MATERIAL FOR THIS TASK.

<<<<

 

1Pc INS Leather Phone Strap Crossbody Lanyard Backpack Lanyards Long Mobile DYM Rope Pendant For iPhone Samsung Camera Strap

>>>>
<<<<

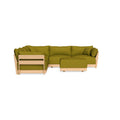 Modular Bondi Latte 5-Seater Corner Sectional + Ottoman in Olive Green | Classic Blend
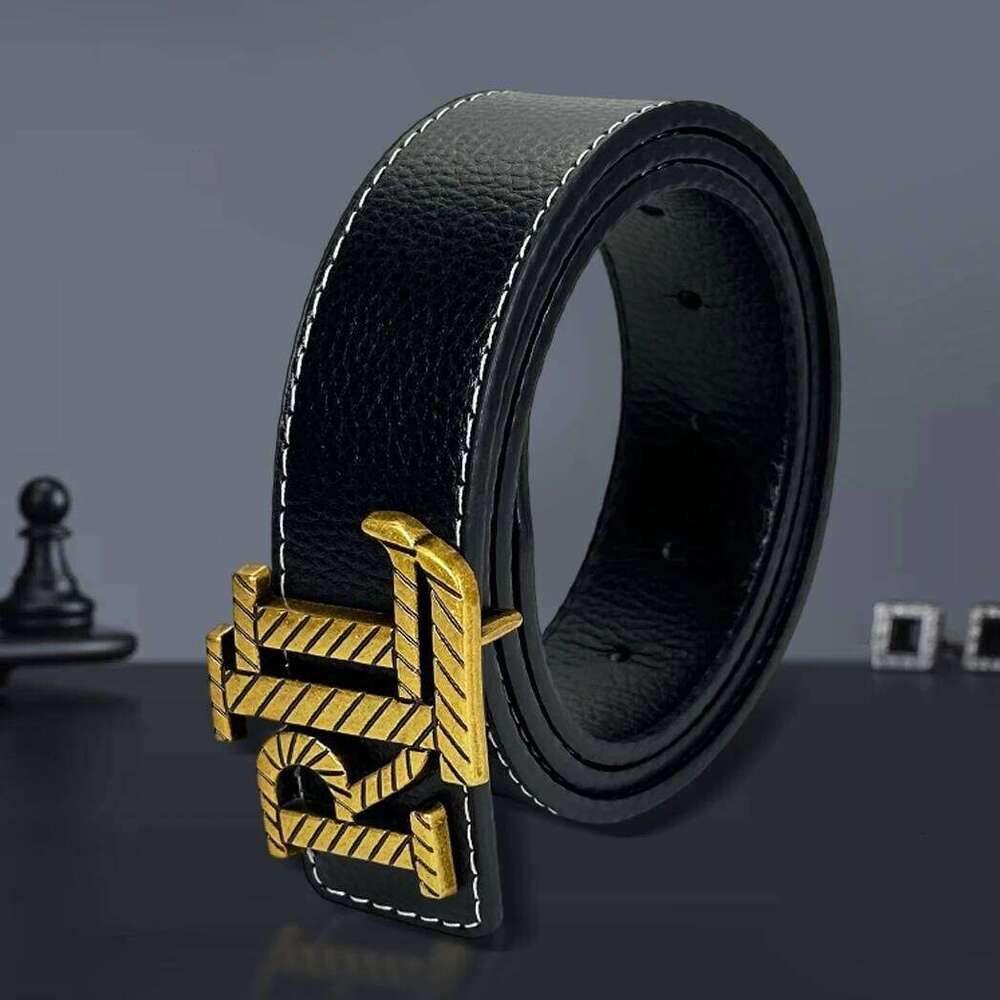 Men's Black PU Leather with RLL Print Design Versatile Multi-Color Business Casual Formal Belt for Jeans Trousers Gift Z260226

>>>>
<<<<

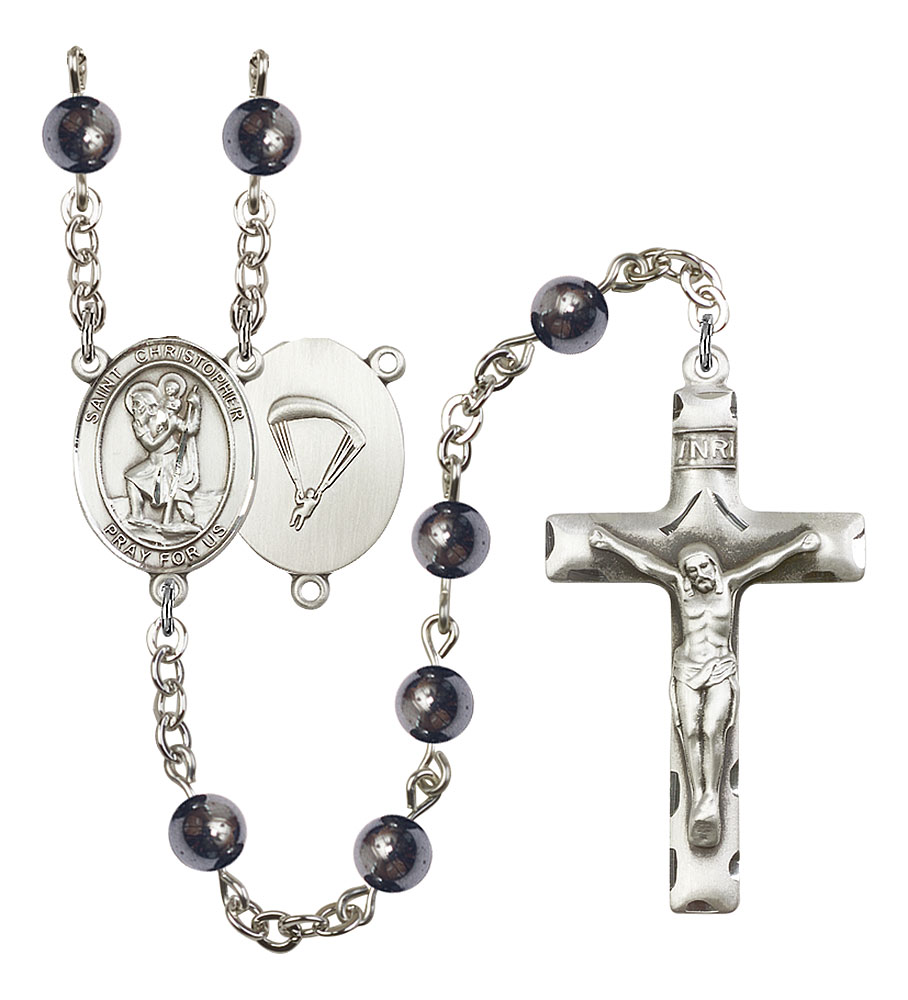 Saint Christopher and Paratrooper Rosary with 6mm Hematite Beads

>>>>

EXERCISE AIM. Look above for the line with "Modular Bondi Latte" and the line with "Men's Black PU", then copy exactly the lines from the first through the second, both kept, with no pictures.

RESULT OF THE TASK.
 Modular Bondi Latte 5-Seater Corner Sectional + Ottoman in Olive Green | Classic Blend
 Men's Black PU Leather with RLL Print Design Versatile Multi-Color Business Casual Formal Belt for Jeans Trousers Gift Z260226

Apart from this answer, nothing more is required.